Blackflix Movie News presents: Coach Carter

By  Briana McNeil

     I often ask myself when I see a movie like "Coach Carter" if there is value in seeing the same story for maybe the fifth time if it is a new era, a new set of actors and a similar message. My conclusion is if the message is good, then yes, bring on the movie that is reminiscent of "Stand and Deliver," "Lean on Me," and whatever other uplifting film that will instill the message that "you can be someone, you are triumphant." This is probably why Samuel L. Jackson signed up for a project like Coach Carter. A good message can’t be told too many times.
     "Coach Carter" is based on the true story of Ken Carter, a controversial coach who benches his winning team for poor academic performance. Jackson as Coach Carter is the ultimate disciplinarian. By pushing his team to do endless push ups and suicides and giving them key "life lessons" about the meaning of respect and discipline, Coach Carter turns a group of angry and undisciplined youth into an undefeated basketball team. There is one caveat, each member must sign a contract promising to come to class and sit in the front row, attend each practice and maintain a grade point average of 2.3.

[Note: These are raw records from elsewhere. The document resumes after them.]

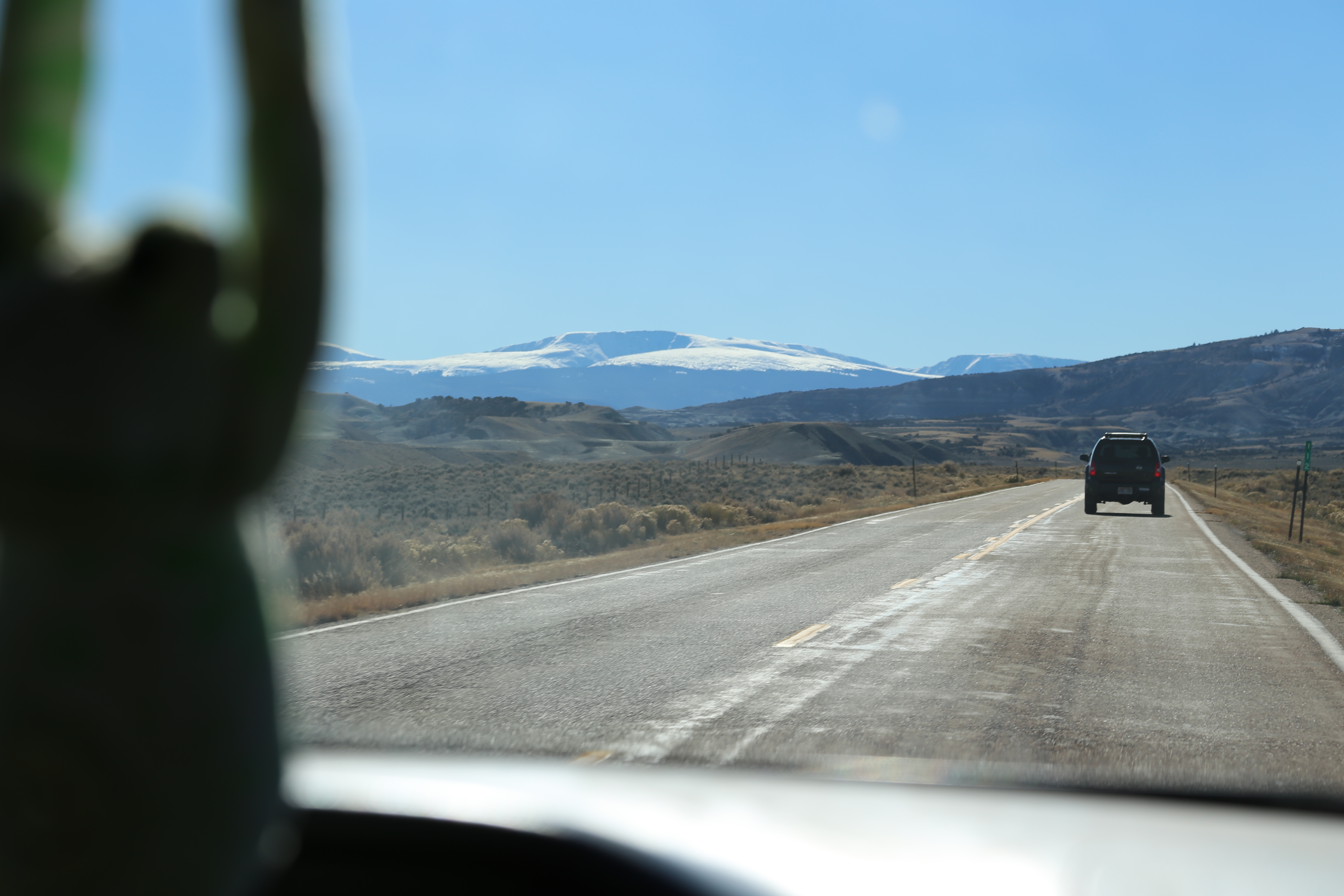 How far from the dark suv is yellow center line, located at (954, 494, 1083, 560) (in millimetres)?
1428

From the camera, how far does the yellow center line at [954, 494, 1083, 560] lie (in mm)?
17047

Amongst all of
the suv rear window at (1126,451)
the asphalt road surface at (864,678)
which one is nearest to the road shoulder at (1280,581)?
the asphalt road surface at (864,678)

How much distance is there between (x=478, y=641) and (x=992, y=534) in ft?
48.5

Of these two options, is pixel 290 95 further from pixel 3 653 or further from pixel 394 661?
pixel 394 661

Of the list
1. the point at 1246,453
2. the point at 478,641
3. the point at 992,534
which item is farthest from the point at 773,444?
the point at 478,641

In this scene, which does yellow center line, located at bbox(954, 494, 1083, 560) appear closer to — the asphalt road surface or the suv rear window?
the suv rear window

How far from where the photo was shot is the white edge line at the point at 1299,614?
8664mm

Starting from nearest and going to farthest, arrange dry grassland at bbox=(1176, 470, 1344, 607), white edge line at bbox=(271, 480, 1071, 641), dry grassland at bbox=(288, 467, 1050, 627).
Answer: white edge line at bbox=(271, 480, 1071, 641), dry grassland at bbox=(288, 467, 1050, 627), dry grassland at bbox=(1176, 470, 1344, 607)

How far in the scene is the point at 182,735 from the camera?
95 centimetres

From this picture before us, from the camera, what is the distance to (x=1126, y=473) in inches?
1089

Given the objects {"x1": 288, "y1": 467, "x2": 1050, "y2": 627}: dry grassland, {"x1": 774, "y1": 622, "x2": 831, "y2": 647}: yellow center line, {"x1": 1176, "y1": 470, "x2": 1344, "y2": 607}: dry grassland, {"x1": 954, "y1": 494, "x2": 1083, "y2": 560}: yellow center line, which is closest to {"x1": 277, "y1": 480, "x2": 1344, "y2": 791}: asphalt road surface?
{"x1": 774, "y1": 622, "x2": 831, "y2": 647}: yellow center line

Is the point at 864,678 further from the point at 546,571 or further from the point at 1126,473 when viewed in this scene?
the point at 1126,473

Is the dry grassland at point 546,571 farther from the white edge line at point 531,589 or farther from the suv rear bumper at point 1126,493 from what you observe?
the suv rear bumper at point 1126,493

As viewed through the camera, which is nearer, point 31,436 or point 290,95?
point 31,436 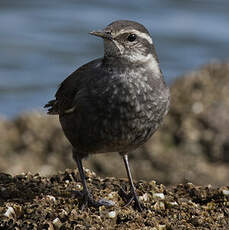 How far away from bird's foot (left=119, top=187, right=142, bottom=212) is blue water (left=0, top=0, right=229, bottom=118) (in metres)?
8.09

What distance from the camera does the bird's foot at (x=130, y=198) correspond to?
6211mm

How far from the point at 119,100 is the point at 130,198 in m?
1.00

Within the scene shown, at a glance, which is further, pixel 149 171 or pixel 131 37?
pixel 149 171

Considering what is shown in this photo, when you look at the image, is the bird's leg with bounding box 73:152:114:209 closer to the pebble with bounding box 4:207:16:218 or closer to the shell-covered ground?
the shell-covered ground

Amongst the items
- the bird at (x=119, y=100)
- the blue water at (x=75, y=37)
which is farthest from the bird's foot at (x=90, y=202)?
the blue water at (x=75, y=37)

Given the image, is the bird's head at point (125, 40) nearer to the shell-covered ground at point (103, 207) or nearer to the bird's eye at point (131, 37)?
the bird's eye at point (131, 37)

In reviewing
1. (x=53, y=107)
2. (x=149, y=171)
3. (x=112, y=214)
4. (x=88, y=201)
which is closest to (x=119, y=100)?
(x=88, y=201)

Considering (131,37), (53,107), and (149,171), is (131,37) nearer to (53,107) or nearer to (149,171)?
(53,107)

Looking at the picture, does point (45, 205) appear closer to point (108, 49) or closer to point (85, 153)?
point (85, 153)

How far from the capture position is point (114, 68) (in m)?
6.27

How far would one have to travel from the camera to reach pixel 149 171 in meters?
9.38

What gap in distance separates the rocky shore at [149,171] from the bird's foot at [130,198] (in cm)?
7

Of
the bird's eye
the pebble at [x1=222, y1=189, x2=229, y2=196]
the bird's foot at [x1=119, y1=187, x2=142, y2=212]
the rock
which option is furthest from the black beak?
the rock

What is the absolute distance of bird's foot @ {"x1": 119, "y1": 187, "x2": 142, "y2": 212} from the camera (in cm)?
621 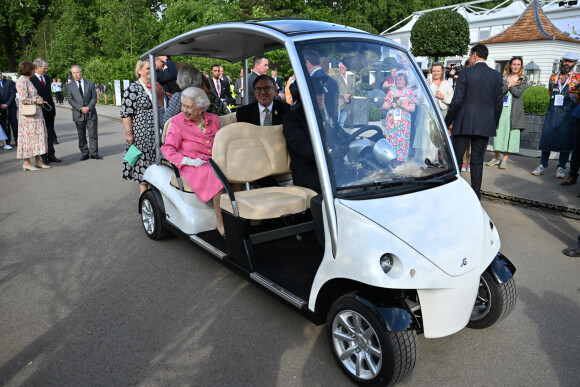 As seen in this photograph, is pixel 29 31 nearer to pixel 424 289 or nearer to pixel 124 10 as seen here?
pixel 124 10

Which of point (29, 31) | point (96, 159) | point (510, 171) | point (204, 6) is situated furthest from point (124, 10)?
point (29, 31)

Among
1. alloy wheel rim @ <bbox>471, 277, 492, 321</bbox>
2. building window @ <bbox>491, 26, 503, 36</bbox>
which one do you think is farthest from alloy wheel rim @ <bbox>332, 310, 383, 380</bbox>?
building window @ <bbox>491, 26, 503, 36</bbox>

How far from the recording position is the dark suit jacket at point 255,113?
547 cm

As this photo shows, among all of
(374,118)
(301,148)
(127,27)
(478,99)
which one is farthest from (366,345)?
(127,27)

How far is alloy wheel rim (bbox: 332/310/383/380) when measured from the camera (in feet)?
8.82

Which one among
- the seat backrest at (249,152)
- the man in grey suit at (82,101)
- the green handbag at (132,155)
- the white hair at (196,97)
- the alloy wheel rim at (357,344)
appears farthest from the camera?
the man in grey suit at (82,101)

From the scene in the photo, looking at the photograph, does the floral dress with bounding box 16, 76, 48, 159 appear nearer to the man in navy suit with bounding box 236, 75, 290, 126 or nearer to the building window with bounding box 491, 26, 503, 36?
the man in navy suit with bounding box 236, 75, 290, 126

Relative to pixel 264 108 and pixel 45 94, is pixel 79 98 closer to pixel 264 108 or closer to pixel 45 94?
pixel 45 94

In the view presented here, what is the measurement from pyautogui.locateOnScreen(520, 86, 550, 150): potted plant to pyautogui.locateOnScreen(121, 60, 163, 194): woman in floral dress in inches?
318

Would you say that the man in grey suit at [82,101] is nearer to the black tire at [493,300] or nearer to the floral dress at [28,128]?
the floral dress at [28,128]

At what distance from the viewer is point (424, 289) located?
259 centimetres

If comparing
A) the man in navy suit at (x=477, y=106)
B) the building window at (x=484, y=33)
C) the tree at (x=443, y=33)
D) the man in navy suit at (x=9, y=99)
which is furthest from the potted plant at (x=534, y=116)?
the building window at (x=484, y=33)

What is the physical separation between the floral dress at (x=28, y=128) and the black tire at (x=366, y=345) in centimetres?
853

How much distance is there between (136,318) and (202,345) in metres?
0.68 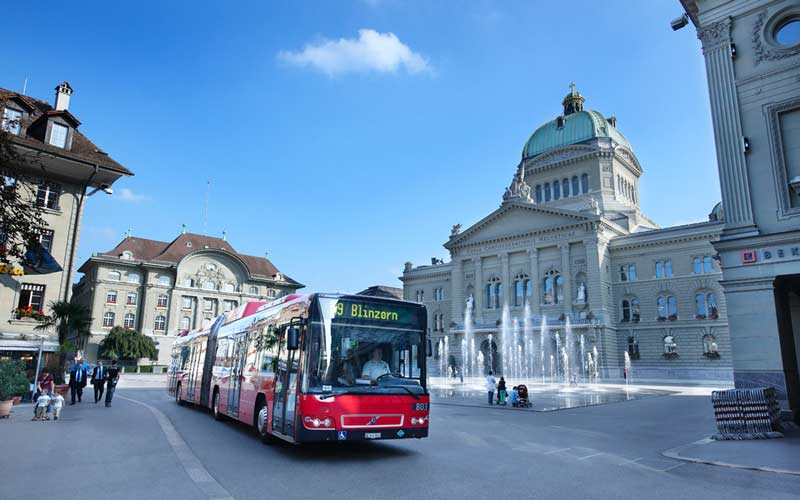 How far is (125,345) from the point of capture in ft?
194

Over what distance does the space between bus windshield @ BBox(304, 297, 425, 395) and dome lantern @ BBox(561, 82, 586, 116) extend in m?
68.8

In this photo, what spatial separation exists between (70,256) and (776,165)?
28.5 metres

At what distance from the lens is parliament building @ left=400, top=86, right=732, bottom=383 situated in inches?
1907

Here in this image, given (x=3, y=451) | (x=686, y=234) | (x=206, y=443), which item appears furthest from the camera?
(x=686, y=234)

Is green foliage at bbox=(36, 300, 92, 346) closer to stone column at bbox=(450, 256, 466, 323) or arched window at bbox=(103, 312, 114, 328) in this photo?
stone column at bbox=(450, 256, 466, 323)

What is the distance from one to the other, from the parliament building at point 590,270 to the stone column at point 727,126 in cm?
3088

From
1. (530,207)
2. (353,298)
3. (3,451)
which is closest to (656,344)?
(530,207)

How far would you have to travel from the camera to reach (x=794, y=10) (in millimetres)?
13430

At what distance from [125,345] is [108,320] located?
618cm

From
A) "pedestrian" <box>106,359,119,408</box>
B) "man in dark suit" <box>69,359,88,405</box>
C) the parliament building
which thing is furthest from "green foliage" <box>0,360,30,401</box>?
the parliament building

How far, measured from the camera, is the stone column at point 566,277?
172 ft

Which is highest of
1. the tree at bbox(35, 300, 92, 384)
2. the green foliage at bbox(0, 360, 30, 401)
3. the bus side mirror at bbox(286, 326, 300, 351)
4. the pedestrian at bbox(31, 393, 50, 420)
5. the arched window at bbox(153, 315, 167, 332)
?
the arched window at bbox(153, 315, 167, 332)

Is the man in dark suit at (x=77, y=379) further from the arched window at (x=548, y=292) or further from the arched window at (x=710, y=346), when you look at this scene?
the arched window at (x=710, y=346)

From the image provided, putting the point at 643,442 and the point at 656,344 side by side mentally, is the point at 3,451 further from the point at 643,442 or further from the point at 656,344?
the point at 656,344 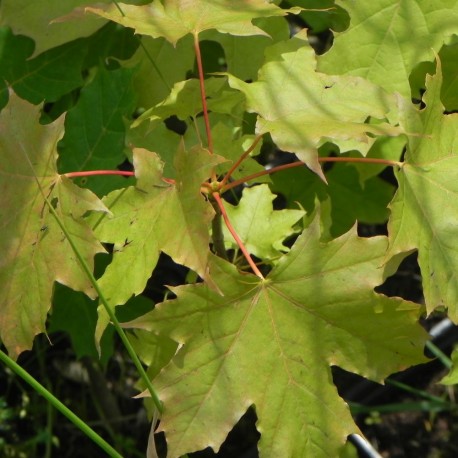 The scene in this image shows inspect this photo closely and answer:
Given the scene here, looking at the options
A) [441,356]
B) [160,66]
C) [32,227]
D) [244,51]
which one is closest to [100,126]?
[160,66]

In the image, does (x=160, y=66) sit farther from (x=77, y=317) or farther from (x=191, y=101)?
(x=77, y=317)

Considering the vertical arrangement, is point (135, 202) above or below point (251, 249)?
above

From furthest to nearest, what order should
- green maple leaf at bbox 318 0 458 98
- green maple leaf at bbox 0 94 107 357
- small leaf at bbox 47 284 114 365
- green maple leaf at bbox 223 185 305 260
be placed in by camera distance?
1. small leaf at bbox 47 284 114 365
2. green maple leaf at bbox 223 185 305 260
3. green maple leaf at bbox 318 0 458 98
4. green maple leaf at bbox 0 94 107 357

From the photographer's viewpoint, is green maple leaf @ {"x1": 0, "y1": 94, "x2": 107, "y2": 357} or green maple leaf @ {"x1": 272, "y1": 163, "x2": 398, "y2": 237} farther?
green maple leaf @ {"x1": 272, "y1": 163, "x2": 398, "y2": 237}

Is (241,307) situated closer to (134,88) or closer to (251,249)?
(251,249)

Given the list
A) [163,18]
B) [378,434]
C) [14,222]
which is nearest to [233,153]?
[163,18]

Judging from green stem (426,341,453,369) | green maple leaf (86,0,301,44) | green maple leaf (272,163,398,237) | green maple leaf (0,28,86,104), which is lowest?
green stem (426,341,453,369)

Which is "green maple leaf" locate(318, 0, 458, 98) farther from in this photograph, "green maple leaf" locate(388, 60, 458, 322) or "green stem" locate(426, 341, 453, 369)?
"green stem" locate(426, 341, 453, 369)

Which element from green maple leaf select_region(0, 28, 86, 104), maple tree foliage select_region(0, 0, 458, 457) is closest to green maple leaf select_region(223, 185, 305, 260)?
maple tree foliage select_region(0, 0, 458, 457) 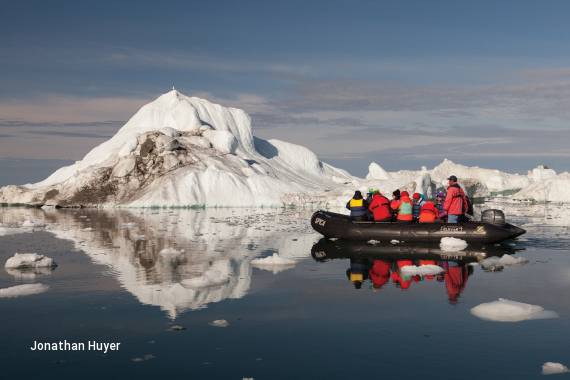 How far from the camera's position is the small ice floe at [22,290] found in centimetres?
1171

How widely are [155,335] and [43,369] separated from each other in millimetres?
1805

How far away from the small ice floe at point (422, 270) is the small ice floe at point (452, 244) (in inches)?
157

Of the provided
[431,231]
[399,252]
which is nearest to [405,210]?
[431,231]

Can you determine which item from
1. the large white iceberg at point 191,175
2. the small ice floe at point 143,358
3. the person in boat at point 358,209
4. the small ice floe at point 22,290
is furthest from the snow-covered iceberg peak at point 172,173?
the small ice floe at point 143,358

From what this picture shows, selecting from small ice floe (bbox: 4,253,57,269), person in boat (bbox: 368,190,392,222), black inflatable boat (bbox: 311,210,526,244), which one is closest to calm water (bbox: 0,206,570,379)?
small ice floe (bbox: 4,253,57,269)

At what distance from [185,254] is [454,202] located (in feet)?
31.0

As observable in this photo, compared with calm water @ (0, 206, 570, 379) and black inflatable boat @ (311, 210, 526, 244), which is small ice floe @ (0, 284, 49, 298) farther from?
black inflatable boat @ (311, 210, 526, 244)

      When the team fails to hold up their end of the agreement by getting less than the required 2.3 g. p. a on their progress reports Coach Carter locks the door to the gym, halting games until each member performs up to par.
     Coach Carter is met with harsh criticism. The team’s parents especially would rather their children play high school ball than excel academically. Even the seemingly intelligent principal feels that they should not be challenged academically. Coach Carter is stoic, refusing to bend to parent’s and administrator’s requests. His student’s learn that there is more to life than ball. There is college, a place the Coach is sure each of them has the potential of gaining entrance to.
     This movie’s message is clear and while it is an important one, the message can get down right preachy. Yet, the obvious appeal comes in what makes sports movies great. You know, those moments when the camera slows down and only the echo of the player’s shoes on the hollow gym floor is heard. When the only thing between winning and losing the game is the clock and the human spirit. You understand. Even more appealing are the performances of young actors like Kenyon Stone, "Finding Forrester," and singer Ashanti who makes her acting debut and Rick Gonzalez who plays the rebellious Timo Cruz. Acting with a seasoned actor like Samuel L. Jackson probably forced them to step it up a notch.